The “Notes” and “Bibliography” sections of Hellhound on His Trail total more than 50 pages—how did you begin to tackle the wealth of information that exists about Martin Luther King’s assassination? What was your research process like?
The research nearly gave me an aneurysm. But in the end, Hellhound is a work of narrative history, not a journalistic expose. I don’t think I unearthed any massive bombshells that will change the world forever—like, say, proving once and for all that J. Edgar Hoover actually orchestrated the whole affair. Instead, what I unearthed were thousands and thousands of tiny details that make the story come alive on the page and make it possible, for the first time, to understand the tragedy as a complete, multi-stranded narrative. The book’s packed full of novelistic detail—weather, architecture, what people were wearing, what the landscape looked like, the music that was playing on the radio. To get all this stuff, I had to do the usual sort of archival work—from the LBJ Presidential Library in Austin to the London newspaper archives—and I went pretty much everywhere James Earl Ray went, following in his fugitive footsteps: Puerto Vallarta, Toronto, Los Angeles, Atlanta, Birmingham, Lisbon, London.

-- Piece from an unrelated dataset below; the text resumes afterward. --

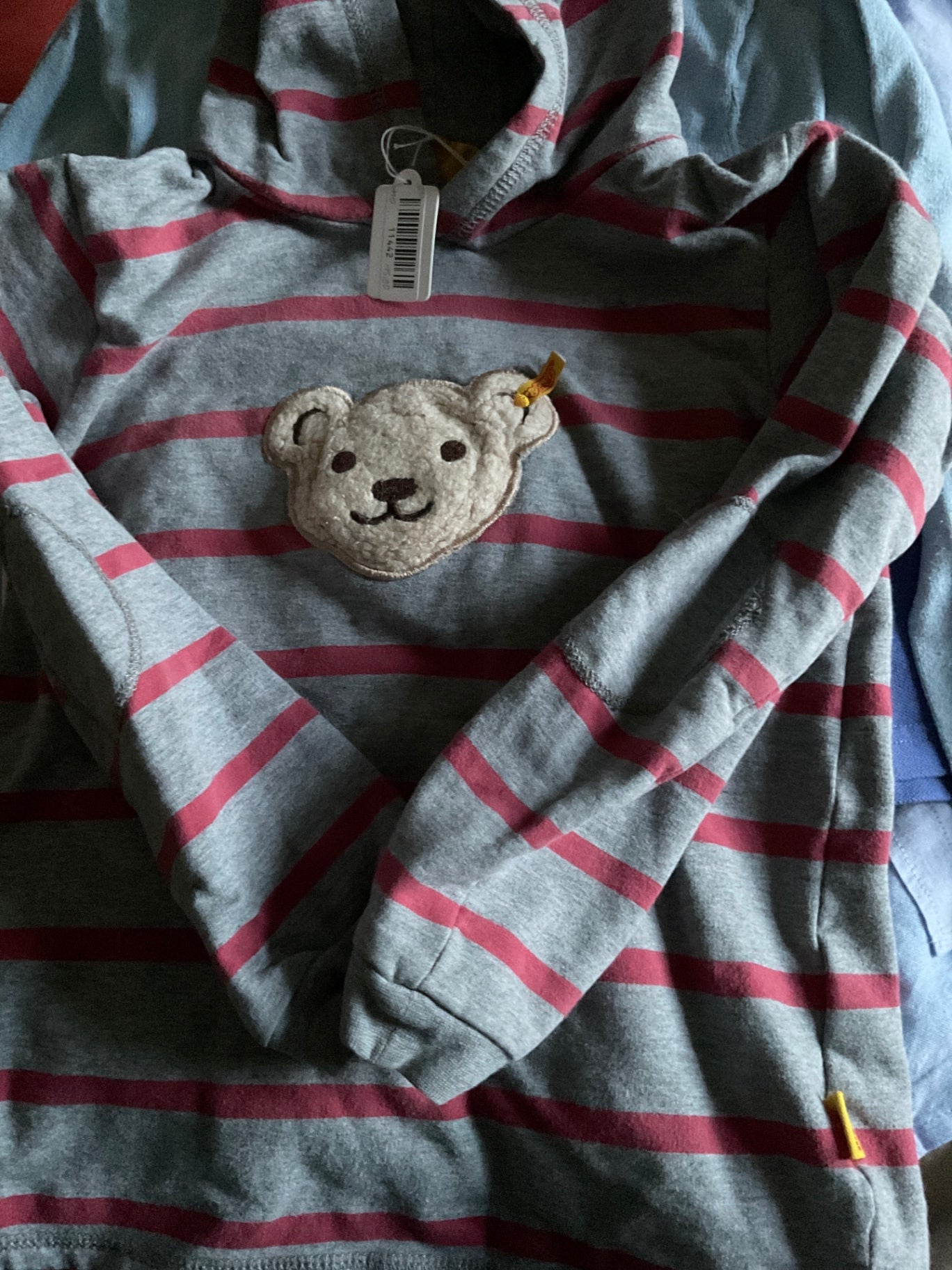 Steiff Kapuzenpullover 110 Grau und Rot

But my real ace in the hole was a retired Memphis cop named Vince Hughes who has compiled the most fascinating, and most comprehensive, digital archive about the MLK assassination on the planet: Crime scene photos, police reports, unexpurgated FBI files, audio tapes, and many hundreds of thousands of unpublished documents that proved a real godsend. Every non-fiction writer needs to find a guy named Vince. Thank God I found mine.
Has being a Memphis native affected your perspective on King’s death?

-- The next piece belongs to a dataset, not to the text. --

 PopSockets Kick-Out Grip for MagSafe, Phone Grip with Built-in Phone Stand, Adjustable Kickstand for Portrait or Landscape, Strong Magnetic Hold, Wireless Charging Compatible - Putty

I think all writers sooner or later need to return to the place where they came from. In this case, I wanted to go back to the pivotal moment in the place where I came from. The King assassination is probably the most profound, most devastating, most controversial event that’s ever happened in my hometown. Growing up as a kid I was always somewhat ashamed that King was killed there. The shockwaves still emanate from Room #306 at the Lorraine and still reverberate over our city, and our country, and our world. As a journalist and a historian with deep roots in Memphis, I couldn’t ignore this story if I tried. I had personal connections to it, as well. My dad worked for the law firm that represented King when he came to Memphis on behalf of the striking garbage workers. My grandfather had a photographic studio downtown—the Blue Light—that was very close to the action. I majored in Southern history in college, and much of my early work at my first job—as a staff writer at Memphis magazine—focused on race relations. All of these influences made the King assassination a natural next book for me. In the end, I wanted readers to come away from the book with a sense of Memphis as a character—as this amazing, rich, somewhat tragic city perched on the racial fault-line, the only city of any size in America named after an African capital. King could have been killed anywhere, in Akron or Anaheim, for godsakes. That he was killed in Memphis, the capital of blues, cotton, barbecue, rock ’n roll, soul, and the Delta, feels almost scripted by fate. And that’s the way I came to regard the story, as a slow accretion of small mishaps and local circumstances that built inexorably toward what seems, in hindsight, like a Greek tragedy.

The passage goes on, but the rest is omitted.